**What you will do**
The entries below contain a line with "Ralph Lauren Womens" and a line with "Navy blue barfi silk party wear saree 80005". Quote exactly those two lines and all lines between them.

**Information**
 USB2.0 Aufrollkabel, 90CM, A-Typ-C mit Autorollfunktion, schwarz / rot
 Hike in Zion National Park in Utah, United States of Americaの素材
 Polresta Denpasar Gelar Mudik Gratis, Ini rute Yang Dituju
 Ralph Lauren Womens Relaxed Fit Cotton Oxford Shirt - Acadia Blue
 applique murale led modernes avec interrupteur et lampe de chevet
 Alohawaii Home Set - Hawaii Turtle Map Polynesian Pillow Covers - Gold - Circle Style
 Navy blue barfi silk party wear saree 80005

---

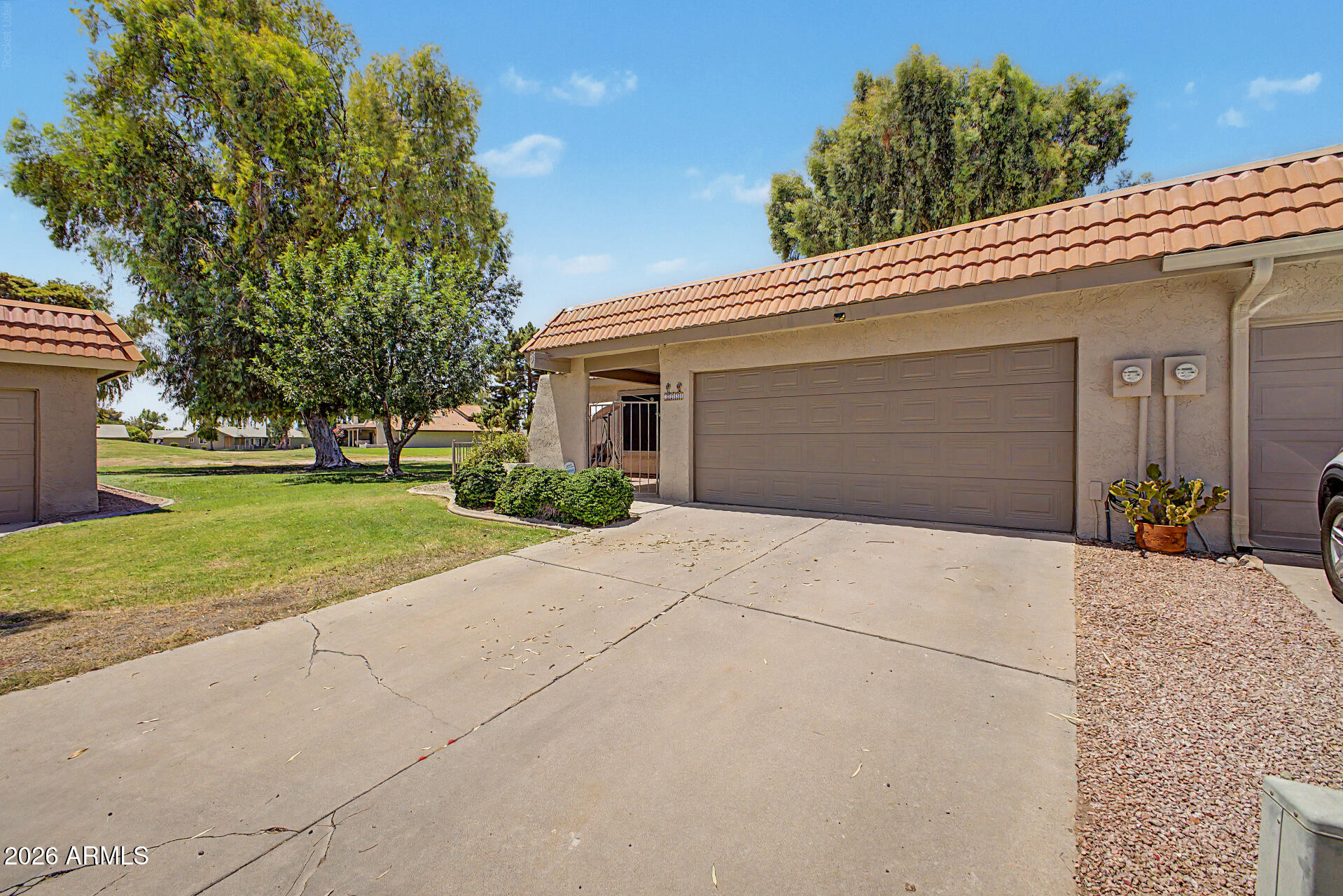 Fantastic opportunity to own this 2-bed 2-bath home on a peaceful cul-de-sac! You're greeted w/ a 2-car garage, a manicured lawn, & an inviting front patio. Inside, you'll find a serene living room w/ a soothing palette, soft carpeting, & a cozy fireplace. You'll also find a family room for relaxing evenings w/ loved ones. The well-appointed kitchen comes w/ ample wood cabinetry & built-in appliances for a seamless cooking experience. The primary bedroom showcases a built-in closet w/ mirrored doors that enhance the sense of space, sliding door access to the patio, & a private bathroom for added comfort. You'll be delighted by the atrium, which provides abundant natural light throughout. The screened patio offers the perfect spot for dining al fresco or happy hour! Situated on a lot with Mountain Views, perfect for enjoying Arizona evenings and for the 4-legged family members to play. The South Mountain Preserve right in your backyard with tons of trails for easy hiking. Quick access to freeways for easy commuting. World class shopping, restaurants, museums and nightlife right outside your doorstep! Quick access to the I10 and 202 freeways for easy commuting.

**Your solution**
 Ralph Lauren Womens Relaxed Fit Cotton Oxford Shirt - Acadia Blue
 applique murale led modernes avec interrupteur et lampe de chevet
 Alohawaii Home Set - Hawaii Turtle Map Polynesian Pillow Covers - Gold - Circle Style
 Navy blue barfi silk party wear saree 80005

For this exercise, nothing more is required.